1814: Norway had been in a personal union for some centuries with the King of Denmark, but during the latter stages of the Napoleonic wars, the French insisted that Denmark divest itself of Norway, which would come under Swedish control. The Norwegians didn’t have much choice about that, given the French military power, but they did have the ability to call a constitutional convention to draft their own constitution. It was signed by the delegates to the constituent assembly and accepted by the Norwegians, who then entered into a loose personal union with the King of Sweden, but keeping their own constitution.

1867: some of the British North American colonies came together in the Confederation process, forming Canada, originally with four provinces. Defence was one of the reasons: the Civil War was winding down, and there was a clear risk that the Union army might come north. There were also trade considerations: with Britain having gone to free trade, the BNA provinces had lost the benefit of the imperial trade protection. There was also a sense that the BNA people were clearly not American, and should enter into union. The British government encouraged the Confederation process, but the initiative and the federal structure came from the BNA colonies. The process was a series of three constitutional conferences, along with resolutions in favour from one of the provinces, an election in another, and a vague parliamentary resolution in favour of union in another. The constituent document was an act of the British Parliament.

1901: The continent of Australia had half a dozen British colonies. Like Canada, they had a growing sense of being more than just colonists and should enter into a union. The process followed was a series of conferences over several years, and finally the drafting of a constitution in the late 19th century. After it was approved by all six colonies in referenda, it was enacted as a statute of the British Parliament, same as Canada.

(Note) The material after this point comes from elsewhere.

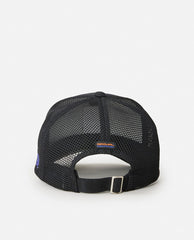 Search Dawn Trucker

1949: The West German Basic Law was worked out by a parliamentary assembly of Germans in the three occupation zones of the UK, the US and France. The impetus for the assembly had come from the three occupying powers, as well as input from Germany’s western neighbours, the Netherlands, Belgium and Luxembourg. The six powers had directed that the leaders of the German Länder (provinces) should draw up a constitution which created a federal system with entrenched individual rights. The members of the parliamentary council, appointed by the governments of the Länder drew up the Basic Law for the new Federal Republic of West Germany. After it was approved by the governments of the three western occupying powers, it was approved by the governments of the Länder, and West Germany came into being. Forty years later, with reunification, the Basic Law became the organizing document for all of Germany.

1950: a lengthy drafting process produced the Constitution of India. The original plan had been that all of British India would be under one government, but tensions between the Hindu and Muslim sections resulted in two separate countries under a British statute, the Indian Independence Act. The constituent assembly of what became India acted as both the government of India, and the constitutional drafting body. In that capacity, the members of the Assembly produced the Constitution of India, which came into force by a vote of the Constituent Assembly.

So, five different paths to parliamentary government, with varying degrees of consensus and democratic measures to implement them. (And, apologies to any Norwegian, Australian, German or Indian Dopers if I’ve mangled your history!)

These are wonderful summaries, thank you!

As to our discussion, and where I had jumped in…

Assume that there is a country under a parliamentary system with an entrenched constitution. There is this one hot-button issue, the question of whether X is a basic right. Every couple years, the political majority changes - by a razer thin margin - and so does parliament’s answer to that question. The constitution is silent on this issue, despite having an entrenched bill of rights, because there has never been a strong majority one way or the other.

My question for you is this: will this country find itself constantly flip-flopping on a question of basic human rights, as Trinopus described in post #43?